Contributed by Cynthia Shang.
% characters caused issues in backup/restore due to filenames being appended directly into a format string.
Reserved XML characters (<>&') caused issues in the S3 driver due to improper escaping.
Add a file with all common special characters to regression testing.
Previously an error would be generated if other files were present and not owned by the PostgreSQL user. This hasn't been a big deal in practice but it could cause issues.
Also add tests to make sure the same logic applies with links to files, i.e. all other files in the directory should be ignored. This was actually working correctly, but there were no tests for it before.
Relative link paths were being combined with the paths of previous links (relative or absolute) due to the $strPath variable being modified in the current iteration rather than simply being passed to the next level of recursion.
This issue did not affect absolute links and relative tablespace links were caught by other checks, though the error was confusing.
Reported by Cynthia Shang.
Implemented using the same logic as the patches adding this feature to PostgreSQL, 8694cc96 and 920a5e50. Temporary relation exclusion is enabled in PostgreSQL ≥ 9.0. Unlogged relation exclusion is enabled in PostgreSQL ≥ 9.1, where the feature was introduced.
Contributed by Cynthia Shang.
A regression in v0.82 removed the timestamp comparison when deciding which files from the aborted backup to keep on resume. All resumed backups should be considered inconsistent. A resumed backup can be identified by checking the log for the message "aborted backup of same type exists, will be cleaned to remove invalid files and resumed".
Reported by David Youatt, Yogesh Sharma, Stephen Frost.
Low-level functions only include stack trace in test builds while higher-level functions ship with stack trace built-in. Stack traces include all parameters passed to the function but production builds only create the parameter list when the log level is set high enough, i.e. debug or trace depending on the function.
Configuration files are loaded from the directory specified by the --config-include-path option.
Add --config-path option for overriding the default base path of the --config and --config-include-path option.
Contributed by Cynthia Shang.
The Perl process was exiting directly when called but that interfered with proper locking for the forked async process.
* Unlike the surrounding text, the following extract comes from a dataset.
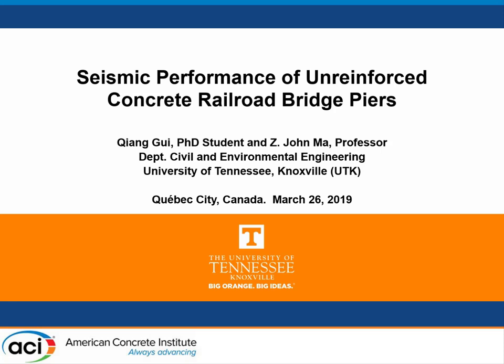Our third speaker is John Ma from the University of Tennessee, and he's going to be a bit more mobile, so we're going to try out this technology. Talking today about seismic performance of unreinforced concrete railroad bridge piers.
Now Perl returns results to the C process which handles all errors, including signals.
Now only two types of locks can be taken: archive and backup. Most commands use one or the other but the stanza-* commands acquire both locks. This provides better protection than the old command-based locking scheme.
Scanning the entire backup directory can be very expensive if there are a lot of small tables. The backup manifest contains the backup directory list so use it to perform syncs instead of scanning the backup directory.
Move command begin to C except when it must be called after another command in Perl (e.g. expire after backup). Command begin logs correctly for complex data types like hash and list. Specify which commands will log to file immediately and set the default log level for log messages that are common to all commands. File logging is initiated from C.
If the backup cannot map a group to a name it stores the group in the manifest as false then uses either the owner of $PGDATA to set the group during restore or failing that the group of the current user. This logic was not working correctly because the selected group was overwriting the user on restore leaving the group undefined and the user incorrectly set to the group. (Reported by Jeff McCormick.)
The existing static files would not work with 32-bit or big-endian systems so create functions to generate these files dynamically rather than creating a bunch of new static files.
Previously, functions with sensitive options had to be logged at trace level to avoid exposing them. Trace level logging may still expose secrets so use with caution.
* Exclude contents of pg_snapshots, pg_serial, pg_notify, and pg_dynshmem from backup since they are rebuilt on startup.
* Exclude pg_internal.init files from backup since they are rebuilt on startup.